Cronaca Val di Non

L'ape Romina distrutta a Romeno

Non è vandalismo ma difesa del paesaggio, dicono gli autori. L'ira della giunta comunale, che ha denunciato il fatto ai Carabinieri

L'ape Romina distrutta a Romeno

ROMENO. “Intendiamo scusarci per ciò che abbiamo fatto, ma abbiamo voluto eliminare tale obrobrio (fra il resto enorme) utile solamente a svilire la bellezza dei nostri paesaggi, confidando che non verrà ripristinata. Grazie. PS. Questo non è vandalismo”.

Questa la anonima rivendicazione di un atto che ha portato alla distruzione di un pannello, raffigurante un’ape, posto nel parco della Pace del Comune di Romeno.

La scoperta, come riferisce un comunicato della giunta comunale, è avvenuta lo scorso 11 settembre: “Noi inizieremo a scrivere proprio dando la definizione di vandalismo. Aggiungeremmo che questo gesto non solo è vandalismo ma è anche passibile di una denuncia che a tal proposito è stata fatta ai carabinieri in data 16 settembre 2025”.

Anche perché il pannello era di proprietà pubblica: “Si è danneggiato un pannello – si legge ancora - acquistato con i soldi della comunità di Romeno, cioè con i soldi di tutti noi che paghiamo le tasse. Il pannello era stato posizionato nel parco della Pace insieme ad altri giochi che richiamano l'ape. Faceva parte di un progetto che prevede anche la collocazione di altri pannelli con la storia dell'ape Romina. Chi lo ha imbrattato e lo definisce un obbrobrio (con due b) non doveva assolutamente permettersi di rovinarlo. A molti, in particolare ai bambini piaceva molto e il parco è soprattutto per loro. Sono poi state prese alcune delle sdraio di legno presenti nel parco e trascinate fino al giardino del signor Chiarelli che si è spaventato molto”.

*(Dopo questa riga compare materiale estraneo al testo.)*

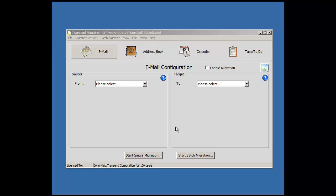Hello, my name is John and in this video presentation I'll show you how to migrate email using Transcend Migrator. Start Transcend Migrator and come to this default screen.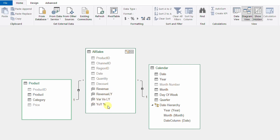The second measure was the variance versus last year — the difference between current year revenue and previous year revenue. And the final measure calculated the year-over-year percentage, which is the variance versus last year divided by the revenue of last year. So in order to calculate the year-over-year, I used three measures rather than one. Because it is a little bit complicated.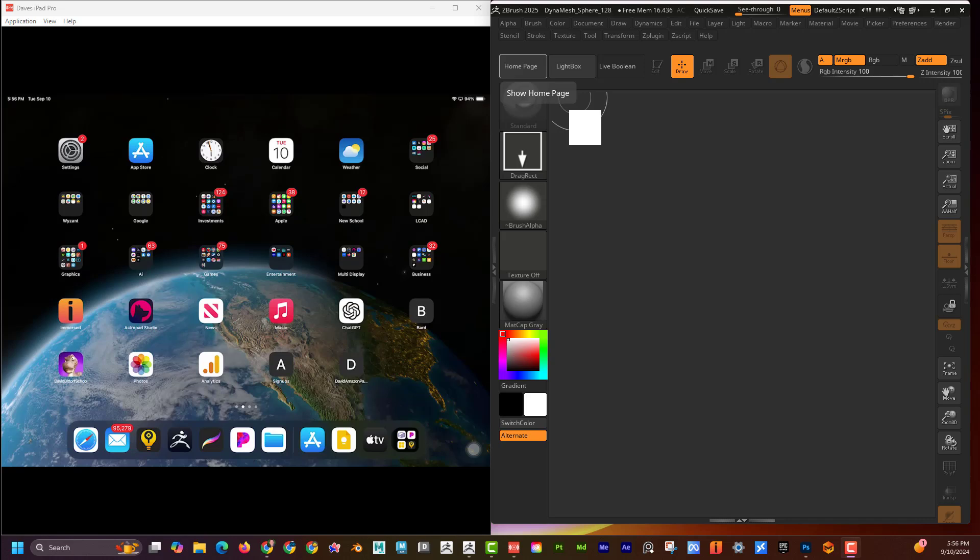All right, let's talk about how to transfer from the iPad to the desktop on ZBrush. I'm going to hop right in it.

Una circostanza per la quale l’amministrazione pensa “quindi che i due fatti siano collegati”.

La conclusione è che “non è certo distruggendo le cose che non vi piacciono e che non vi appartengono che dimostrate educazione civica o rispetto per la natura. Vi ritenete tanto nel giusto ma non avete neanche avuto il coraggio di mettere il vostro nome. Le proteste si fanno in modo legale non distruggendo e vandalizzando. Perché non avete dato il vostro giudizio estetico mettendoci la faccia invece che vandalizzare una proprietà pubblica? Non solo lo avete tolto dal sostegno ma lo avete anche irrimediabilmente rovinato”.

Insomma, per la giunta comunale di Romeno, le scuse in premessa “non sono accettate”.